**Record set**

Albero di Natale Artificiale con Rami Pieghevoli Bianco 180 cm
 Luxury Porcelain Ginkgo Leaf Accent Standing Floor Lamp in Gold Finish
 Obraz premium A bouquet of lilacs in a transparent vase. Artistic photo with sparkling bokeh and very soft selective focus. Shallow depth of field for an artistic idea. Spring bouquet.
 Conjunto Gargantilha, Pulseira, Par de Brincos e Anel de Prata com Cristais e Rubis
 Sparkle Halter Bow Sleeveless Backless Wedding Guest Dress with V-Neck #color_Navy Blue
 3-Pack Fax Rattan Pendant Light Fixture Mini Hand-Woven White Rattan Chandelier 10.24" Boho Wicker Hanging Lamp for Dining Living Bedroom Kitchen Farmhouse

**What is required**
Write out the entries verbatim, all of them.

**Answer below**
Albero di Natale Artificiale con Rami Pieghevoli Bianco 180 cm
 Luxury Porcelain Ginkgo Leaf Accent Standing Floor Lamp in Gold Finish
 Obraz premium A bouquet of lilacs in a transparent vase. Artistic photo with sparkling bokeh and very soft selective focus. Shallow depth of field for an artistic idea. Spring bouquet.
 Conjunto Gargantilha, Pulseira, Par de Brincos e Anel de Prata com Cristais e Rubis
 Sparkle Halter Bow Sleeveless Backless Wedding Guest Dress with V-Neck #color_Navy Blue
 3-Pack Fax Rattan Pendant Light Fixture Mini Hand-Woven White Rattan Chandelier 10.24" Boho Wicker Hanging Lamp for Dining Living Bedroom Kitchen Farmhouse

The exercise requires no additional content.